QDo you know any official London Underground map that shows the Metropolitan Line/stations beyond Aylesbury (i.e. the Brill and Verney Junction branches) and not just mentions them in a ‘To’ box?
ANo, I haven’t ever seen a map with “Underground” branding that shows the entire network and the Metropolitan Railway’s fullest extent out to the far reaches of Brill and Verney Junction, some 40-odd miles from London.
The closest I can find is a Metropolitan Railway map (first image above) that was produced in slightly different versions from the mid-1920s up to 1933, after which all the railways merged to become the London Passenger Transport Board, the precursor to today’s Transport for London.
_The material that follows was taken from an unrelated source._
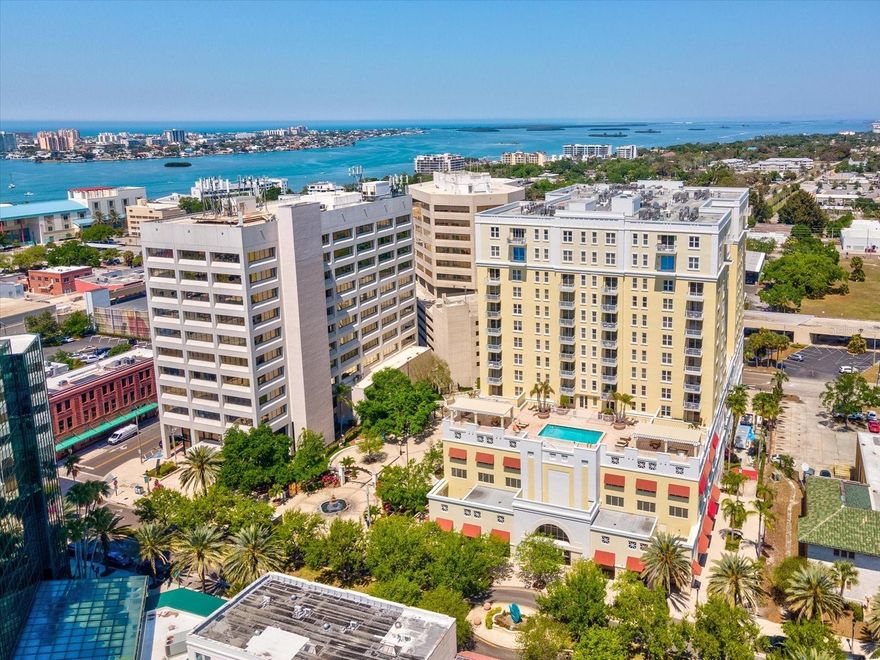 Luxury Downtown Clearwater Condo with Water Views & Resort Amenities. Private balcony, natural light, and prime location just minutes from Clearwater Beach. Welcome to elevated downtown living in the heart of Clearwater. This beautiful 11th-floor condo offers views of the Intracoastal where every sunset feels like a private show. Featuring an open layout this residence is filled with natural light and designed for both comfort and style. The kitchen showcases granite countertops, stainless steel appliances, and seamless flow into the living space, perfect for entertaining or unwinding at the end of the day. The spacious primary suite offers a true retreat with water views, a walk-in closet, and a beautifully appointed bath. Enjoy your morning coffee or evening wine from your private balcony off the living room, taking in the breeze and vibrant downtown energy below. Located in a luxury building with resort-style amenities, including a pool, fitness center, and secure access, this residence offers both convenience and peace of mind. This residence includes two highly sought-after deeded parking spaces in the attached garage with direct elevator access—providing both convenience and ease of living. Just steps from restaurants, shopping, entertainment, and minutes to Clearwater Beach, you are positioned in one of the most desirable locations on the Gulf Coast. Whether you're looking for a primary residence, second home, or investment opportunity, this is where lifestyle and location come together effortlessly.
This map shows the Metropolitan Railway’s routes in red and all the other “tube and district railways” in blue, so it does show the whole network, but not in a very equitable way!
The other map that I know of that includes Brill and Verney Junction is the famed “Metro-Land” map (second image), but it only shows Metropolitan Railway lines, and only as far east as Baker Street.
There’s no Harry Beck tube map that shows these branches, either: the 1932 proofing map only goes out as far as Rickmansworth, and any “To:” boxes he later added to the Metropolitan Line only ever went to Aylesbury. The Brill tramway closed in 1935, with Verney Junction’s branch following in 1936, so there wasn’t that much cross-over with the “Beck and beyond” design period.